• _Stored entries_
-.-.-

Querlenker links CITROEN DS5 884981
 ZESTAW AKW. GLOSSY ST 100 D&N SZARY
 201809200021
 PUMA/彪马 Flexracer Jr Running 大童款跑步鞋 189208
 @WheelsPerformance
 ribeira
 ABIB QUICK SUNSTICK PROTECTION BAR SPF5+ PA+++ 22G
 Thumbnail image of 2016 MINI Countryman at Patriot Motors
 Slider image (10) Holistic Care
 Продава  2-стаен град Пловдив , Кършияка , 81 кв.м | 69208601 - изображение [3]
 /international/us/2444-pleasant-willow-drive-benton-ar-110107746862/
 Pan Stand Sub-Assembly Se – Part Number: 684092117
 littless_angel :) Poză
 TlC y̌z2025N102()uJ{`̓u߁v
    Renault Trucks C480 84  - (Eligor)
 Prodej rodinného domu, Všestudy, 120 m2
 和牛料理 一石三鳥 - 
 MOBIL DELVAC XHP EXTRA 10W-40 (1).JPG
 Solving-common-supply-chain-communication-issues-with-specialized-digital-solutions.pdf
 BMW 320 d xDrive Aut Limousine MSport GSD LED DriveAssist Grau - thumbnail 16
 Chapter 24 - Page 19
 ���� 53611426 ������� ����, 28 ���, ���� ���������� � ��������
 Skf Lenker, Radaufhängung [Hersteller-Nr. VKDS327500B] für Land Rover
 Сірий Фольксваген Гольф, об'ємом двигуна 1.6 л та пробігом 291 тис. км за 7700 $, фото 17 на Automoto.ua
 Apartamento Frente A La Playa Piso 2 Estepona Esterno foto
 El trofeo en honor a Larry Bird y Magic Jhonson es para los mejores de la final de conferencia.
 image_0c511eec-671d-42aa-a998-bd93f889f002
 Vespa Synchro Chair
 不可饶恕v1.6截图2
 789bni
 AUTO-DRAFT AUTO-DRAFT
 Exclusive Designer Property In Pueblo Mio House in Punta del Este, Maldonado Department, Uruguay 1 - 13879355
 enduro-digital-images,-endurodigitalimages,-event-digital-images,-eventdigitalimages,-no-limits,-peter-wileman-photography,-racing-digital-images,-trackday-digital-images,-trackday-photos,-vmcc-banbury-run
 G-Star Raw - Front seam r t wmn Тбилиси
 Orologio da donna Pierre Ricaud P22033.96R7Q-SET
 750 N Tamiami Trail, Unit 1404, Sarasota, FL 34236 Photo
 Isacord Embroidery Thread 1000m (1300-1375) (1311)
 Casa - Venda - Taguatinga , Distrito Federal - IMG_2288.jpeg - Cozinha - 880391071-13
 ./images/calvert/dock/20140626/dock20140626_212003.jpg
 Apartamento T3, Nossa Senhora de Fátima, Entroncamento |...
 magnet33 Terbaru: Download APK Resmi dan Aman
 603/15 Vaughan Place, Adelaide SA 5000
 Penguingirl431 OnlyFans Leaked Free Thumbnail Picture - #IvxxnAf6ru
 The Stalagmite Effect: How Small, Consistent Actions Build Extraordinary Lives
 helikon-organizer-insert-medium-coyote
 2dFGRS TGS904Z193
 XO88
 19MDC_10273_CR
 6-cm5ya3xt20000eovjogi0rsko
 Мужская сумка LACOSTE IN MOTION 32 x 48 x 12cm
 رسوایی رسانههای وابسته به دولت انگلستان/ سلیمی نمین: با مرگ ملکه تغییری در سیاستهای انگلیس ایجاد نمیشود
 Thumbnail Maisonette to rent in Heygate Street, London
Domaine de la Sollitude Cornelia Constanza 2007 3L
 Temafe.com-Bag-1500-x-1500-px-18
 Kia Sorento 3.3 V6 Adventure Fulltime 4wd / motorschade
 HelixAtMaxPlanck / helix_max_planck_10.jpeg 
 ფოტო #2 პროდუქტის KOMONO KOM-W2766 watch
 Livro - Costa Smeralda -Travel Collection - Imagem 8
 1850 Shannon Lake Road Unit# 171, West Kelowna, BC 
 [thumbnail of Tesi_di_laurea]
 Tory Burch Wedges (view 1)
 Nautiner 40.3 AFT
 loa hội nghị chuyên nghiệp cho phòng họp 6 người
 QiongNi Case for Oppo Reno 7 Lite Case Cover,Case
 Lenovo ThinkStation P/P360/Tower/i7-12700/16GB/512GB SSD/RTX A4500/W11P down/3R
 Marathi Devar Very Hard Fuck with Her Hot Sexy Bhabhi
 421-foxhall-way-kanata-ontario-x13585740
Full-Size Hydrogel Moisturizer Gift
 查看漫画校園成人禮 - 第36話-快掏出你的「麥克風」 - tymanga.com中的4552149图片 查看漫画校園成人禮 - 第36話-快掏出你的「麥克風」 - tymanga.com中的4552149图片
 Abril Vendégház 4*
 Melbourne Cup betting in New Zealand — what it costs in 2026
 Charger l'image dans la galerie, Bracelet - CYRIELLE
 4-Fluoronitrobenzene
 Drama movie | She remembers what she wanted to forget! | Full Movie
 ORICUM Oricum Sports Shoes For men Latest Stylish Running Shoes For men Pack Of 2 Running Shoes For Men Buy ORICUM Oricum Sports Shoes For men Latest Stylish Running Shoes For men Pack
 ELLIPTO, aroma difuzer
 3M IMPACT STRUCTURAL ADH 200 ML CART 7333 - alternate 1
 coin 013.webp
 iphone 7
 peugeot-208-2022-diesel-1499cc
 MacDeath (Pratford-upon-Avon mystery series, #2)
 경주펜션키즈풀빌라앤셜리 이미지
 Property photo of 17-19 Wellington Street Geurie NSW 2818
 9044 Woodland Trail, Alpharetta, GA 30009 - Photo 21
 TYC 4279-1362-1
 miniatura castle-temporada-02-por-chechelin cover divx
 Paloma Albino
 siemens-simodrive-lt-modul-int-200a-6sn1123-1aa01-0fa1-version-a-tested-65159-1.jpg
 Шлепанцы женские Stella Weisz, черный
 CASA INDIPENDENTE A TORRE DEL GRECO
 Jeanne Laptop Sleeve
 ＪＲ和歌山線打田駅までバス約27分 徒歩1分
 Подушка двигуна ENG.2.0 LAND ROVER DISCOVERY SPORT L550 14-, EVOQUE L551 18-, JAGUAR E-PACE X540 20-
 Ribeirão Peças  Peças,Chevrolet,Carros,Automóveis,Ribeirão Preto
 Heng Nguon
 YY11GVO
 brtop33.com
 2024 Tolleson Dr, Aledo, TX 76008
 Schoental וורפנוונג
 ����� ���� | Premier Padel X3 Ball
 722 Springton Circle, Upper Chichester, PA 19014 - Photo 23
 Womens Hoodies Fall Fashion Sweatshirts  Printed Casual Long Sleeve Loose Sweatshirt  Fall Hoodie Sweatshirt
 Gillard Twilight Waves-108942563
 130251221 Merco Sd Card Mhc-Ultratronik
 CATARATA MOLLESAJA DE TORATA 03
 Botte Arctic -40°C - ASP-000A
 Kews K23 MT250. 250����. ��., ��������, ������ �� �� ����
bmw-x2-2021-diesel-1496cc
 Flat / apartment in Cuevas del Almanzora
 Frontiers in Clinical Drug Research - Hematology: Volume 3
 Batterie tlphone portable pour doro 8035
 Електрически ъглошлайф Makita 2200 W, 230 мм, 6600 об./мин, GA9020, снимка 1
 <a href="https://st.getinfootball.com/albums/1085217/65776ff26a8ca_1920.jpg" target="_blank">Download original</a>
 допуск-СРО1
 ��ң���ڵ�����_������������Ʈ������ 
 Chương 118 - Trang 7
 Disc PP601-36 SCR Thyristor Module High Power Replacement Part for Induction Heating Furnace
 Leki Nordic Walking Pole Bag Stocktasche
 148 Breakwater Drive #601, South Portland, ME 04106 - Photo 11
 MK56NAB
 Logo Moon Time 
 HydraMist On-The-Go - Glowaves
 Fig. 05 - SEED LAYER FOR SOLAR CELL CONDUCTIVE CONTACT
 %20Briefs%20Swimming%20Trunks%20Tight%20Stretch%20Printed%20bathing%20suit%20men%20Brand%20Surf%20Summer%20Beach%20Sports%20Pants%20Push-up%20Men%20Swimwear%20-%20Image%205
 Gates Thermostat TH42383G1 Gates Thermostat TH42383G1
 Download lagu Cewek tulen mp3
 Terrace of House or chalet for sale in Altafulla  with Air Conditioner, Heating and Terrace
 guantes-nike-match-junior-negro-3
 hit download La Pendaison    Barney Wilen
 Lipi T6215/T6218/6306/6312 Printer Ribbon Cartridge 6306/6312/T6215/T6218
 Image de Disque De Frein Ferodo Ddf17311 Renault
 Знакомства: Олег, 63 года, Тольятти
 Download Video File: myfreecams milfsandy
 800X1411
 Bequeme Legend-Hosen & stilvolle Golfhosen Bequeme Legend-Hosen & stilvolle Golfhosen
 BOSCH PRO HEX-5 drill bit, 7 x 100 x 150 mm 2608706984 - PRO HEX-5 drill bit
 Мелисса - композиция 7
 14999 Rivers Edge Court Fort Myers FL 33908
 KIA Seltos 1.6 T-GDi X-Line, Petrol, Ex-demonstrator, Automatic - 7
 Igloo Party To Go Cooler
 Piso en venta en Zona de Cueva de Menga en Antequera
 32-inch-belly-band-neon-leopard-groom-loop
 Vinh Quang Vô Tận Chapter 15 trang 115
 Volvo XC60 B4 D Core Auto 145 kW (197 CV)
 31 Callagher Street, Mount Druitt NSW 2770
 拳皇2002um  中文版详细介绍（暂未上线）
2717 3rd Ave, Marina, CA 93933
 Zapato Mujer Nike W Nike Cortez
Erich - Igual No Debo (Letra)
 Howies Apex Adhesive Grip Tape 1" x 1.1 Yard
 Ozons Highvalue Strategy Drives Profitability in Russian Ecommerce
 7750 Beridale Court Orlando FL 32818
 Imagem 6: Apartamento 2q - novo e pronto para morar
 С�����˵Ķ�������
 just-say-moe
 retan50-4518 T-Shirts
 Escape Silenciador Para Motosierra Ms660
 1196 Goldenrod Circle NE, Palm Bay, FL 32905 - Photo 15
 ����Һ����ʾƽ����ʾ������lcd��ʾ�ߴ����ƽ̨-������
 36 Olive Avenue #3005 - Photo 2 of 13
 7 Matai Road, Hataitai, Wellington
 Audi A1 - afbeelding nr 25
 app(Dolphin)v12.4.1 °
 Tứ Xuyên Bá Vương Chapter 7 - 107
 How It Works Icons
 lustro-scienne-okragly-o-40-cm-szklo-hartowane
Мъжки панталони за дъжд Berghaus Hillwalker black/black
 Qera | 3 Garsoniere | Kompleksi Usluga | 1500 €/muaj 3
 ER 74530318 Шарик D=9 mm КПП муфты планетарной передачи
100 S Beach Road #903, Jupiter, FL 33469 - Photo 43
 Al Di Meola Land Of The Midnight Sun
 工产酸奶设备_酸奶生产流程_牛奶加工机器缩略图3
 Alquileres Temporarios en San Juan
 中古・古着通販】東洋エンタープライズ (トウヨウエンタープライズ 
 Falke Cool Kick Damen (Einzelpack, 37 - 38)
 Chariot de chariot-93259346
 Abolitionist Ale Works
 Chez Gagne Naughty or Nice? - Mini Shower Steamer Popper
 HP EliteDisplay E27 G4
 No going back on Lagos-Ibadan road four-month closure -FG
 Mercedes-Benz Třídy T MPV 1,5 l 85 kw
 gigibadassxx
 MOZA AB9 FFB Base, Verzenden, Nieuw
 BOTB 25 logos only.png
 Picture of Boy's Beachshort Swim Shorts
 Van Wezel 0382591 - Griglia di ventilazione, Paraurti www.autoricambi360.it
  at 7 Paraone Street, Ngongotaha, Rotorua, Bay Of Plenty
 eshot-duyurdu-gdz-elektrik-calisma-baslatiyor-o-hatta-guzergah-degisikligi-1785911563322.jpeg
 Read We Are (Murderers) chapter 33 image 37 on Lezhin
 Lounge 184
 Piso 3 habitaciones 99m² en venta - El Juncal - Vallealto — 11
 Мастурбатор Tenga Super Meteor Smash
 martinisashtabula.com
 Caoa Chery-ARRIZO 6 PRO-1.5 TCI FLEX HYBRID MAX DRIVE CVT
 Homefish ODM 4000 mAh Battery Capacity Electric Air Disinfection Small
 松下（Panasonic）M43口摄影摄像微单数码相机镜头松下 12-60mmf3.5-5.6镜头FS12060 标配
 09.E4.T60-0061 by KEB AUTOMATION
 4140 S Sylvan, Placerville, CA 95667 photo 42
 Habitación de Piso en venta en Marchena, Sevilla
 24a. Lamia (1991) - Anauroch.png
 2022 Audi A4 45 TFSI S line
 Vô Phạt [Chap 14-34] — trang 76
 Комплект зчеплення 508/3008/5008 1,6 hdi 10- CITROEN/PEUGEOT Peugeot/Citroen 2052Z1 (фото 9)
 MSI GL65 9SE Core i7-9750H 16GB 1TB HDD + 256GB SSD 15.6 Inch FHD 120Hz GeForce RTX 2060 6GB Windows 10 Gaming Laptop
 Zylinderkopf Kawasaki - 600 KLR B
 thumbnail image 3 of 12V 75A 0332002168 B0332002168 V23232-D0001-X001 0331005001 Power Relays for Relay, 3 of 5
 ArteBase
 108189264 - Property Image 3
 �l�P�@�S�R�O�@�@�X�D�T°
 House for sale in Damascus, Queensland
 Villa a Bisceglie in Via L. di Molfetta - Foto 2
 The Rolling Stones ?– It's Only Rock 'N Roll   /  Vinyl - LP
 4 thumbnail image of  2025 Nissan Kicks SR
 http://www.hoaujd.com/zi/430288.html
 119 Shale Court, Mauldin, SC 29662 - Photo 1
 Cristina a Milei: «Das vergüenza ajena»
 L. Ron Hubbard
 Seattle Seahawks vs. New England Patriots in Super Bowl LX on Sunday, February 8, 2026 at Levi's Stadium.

-.-.-

• _ASSIGNMENT_
Extract from the records above the lines from the one containing "Шлепанцы женские Stella Weisz, черный" to the one containing "Botte Arctic -40°C - ASP-000A", both lines included, exactly as they appear and with nothing else.

• _EXERCISE RESPONSE_
 Шлепанцы женские Stella Weisz, черный
 CASA INDIPENDENTE A TORRE DEL GRECO
 Jeanne Laptop Sleeve
 ＪＲ和歌山線打田駅までバス約27分 徒歩1分
 Подушка двигуна ENG.2.0 LAND ROVER DISCOVERY SPORT L550 14-, EVOQUE L551 18-, JAGUAR E-PACE X540 20-
 Ribeirão Peças  Peças,Chevrolet,Carros,Automóveis,Ribeirão Preto
 Heng Nguon
 YY11GVO
 brtop33.com
 2024 Tolleson Dr, Aledo, TX 76008
 Schoental וורפנוונג
 ����� ���� | Premier Padel X3 Ball
 722 Springton Circle, Upper Chichester, PA 19014 - Photo 23
 Womens Hoodies Fall Fashion Sweatshirts  Printed Casual Long Sleeve Loose Sweatshirt  Fall Hoodie Sweatshirt
 Gillard Twilight Waves-108942563
 130251221 Merco Sd Card Mhc-Ultratronik
 CATARATA MOLLESAJA DE TORATA 03
 Botte Arctic -40°C - ASP-000A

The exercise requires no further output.